[Stored data]
_____
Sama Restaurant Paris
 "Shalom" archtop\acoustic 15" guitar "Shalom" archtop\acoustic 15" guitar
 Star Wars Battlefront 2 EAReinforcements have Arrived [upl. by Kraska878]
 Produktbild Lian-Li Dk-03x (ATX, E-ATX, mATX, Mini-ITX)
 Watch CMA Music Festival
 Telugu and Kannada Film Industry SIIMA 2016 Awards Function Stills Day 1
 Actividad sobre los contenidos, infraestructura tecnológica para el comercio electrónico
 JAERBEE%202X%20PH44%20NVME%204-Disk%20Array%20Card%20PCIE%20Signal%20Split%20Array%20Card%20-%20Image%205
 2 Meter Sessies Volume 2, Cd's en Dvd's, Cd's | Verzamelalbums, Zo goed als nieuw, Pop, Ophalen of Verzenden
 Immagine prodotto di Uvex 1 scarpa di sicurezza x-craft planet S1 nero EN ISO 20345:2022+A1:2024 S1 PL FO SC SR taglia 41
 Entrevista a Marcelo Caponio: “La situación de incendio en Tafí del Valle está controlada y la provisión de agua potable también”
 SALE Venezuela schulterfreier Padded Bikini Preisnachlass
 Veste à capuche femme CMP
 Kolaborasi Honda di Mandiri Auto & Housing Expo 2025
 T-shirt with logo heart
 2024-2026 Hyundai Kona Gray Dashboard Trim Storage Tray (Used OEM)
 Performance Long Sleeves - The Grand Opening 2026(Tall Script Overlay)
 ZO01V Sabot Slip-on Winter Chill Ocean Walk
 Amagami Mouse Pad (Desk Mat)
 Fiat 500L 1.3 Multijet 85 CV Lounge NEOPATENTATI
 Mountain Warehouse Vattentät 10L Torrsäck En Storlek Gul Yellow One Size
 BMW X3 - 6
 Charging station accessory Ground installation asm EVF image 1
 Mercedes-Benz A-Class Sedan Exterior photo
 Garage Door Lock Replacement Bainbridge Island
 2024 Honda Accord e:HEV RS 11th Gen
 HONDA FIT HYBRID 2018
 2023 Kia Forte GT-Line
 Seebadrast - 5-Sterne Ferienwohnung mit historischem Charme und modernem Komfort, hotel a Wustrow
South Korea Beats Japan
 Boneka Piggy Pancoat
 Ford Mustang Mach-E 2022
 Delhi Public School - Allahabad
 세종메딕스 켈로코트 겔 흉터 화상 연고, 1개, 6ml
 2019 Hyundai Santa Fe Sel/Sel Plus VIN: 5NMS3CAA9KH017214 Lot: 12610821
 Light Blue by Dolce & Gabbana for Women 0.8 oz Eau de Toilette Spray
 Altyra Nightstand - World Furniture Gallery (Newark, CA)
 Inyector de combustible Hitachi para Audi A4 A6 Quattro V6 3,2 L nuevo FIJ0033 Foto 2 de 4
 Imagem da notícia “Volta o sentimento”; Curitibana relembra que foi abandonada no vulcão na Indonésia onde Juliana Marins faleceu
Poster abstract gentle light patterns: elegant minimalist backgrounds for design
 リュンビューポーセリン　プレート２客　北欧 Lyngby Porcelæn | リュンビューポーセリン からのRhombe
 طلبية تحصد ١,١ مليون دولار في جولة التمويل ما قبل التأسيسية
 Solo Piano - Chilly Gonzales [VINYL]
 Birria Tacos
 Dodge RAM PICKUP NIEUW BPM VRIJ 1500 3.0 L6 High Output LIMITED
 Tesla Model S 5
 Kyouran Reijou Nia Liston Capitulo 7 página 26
_____
> What the exercise asks
Could you return exactly the stretch of the data above that starts at the line with "Actividad sobre los" and ends at the line with "ZO01V Sabot Slip-on Winter Chill Ocean Walk", both lines included?

> The completed task
 Actividad sobre los contenidos, infraestructura tecnológica para el comercio electrónico
 JAERBEE%202X%20PH44%20NVME%204-Disk%20Array%20Card%20PCIE%20Signal%20Split%20Array%20Card%20-%20Image%205
 2 Meter Sessies Volume 2, Cd's en Dvd's, Cd's | Verzamelalbums, Zo goed als nieuw, Pop, Ophalen of Verzenden
 Immagine prodotto di Uvex 1 scarpa di sicurezza x-craft planet S1 nero EN ISO 20345:2022+A1:2024 S1 PL FO SC SR taglia 41
 Entrevista a Marcelo Caponio: “La situación de incendio en Tafí del Valle está controlada y la provisión de agua potable también”
 SALE Venezuela schulterfreier Padded Bikini Preisnachlass
 Veste à capuche femme CMP
 Kolaborasi Honda di Mandiri Auto & Housing Expo 2025
 T-shirt with logo heart
 2024-2026 Hyundai Kona Gray Dashboard Trim Storage Tray (Used OEM)
 Performance Long Sleeves - The Grand Opening 2026(Tall Script Overlay)
 ZO01V Sabot Slip-on Winter Chill Ocean Walk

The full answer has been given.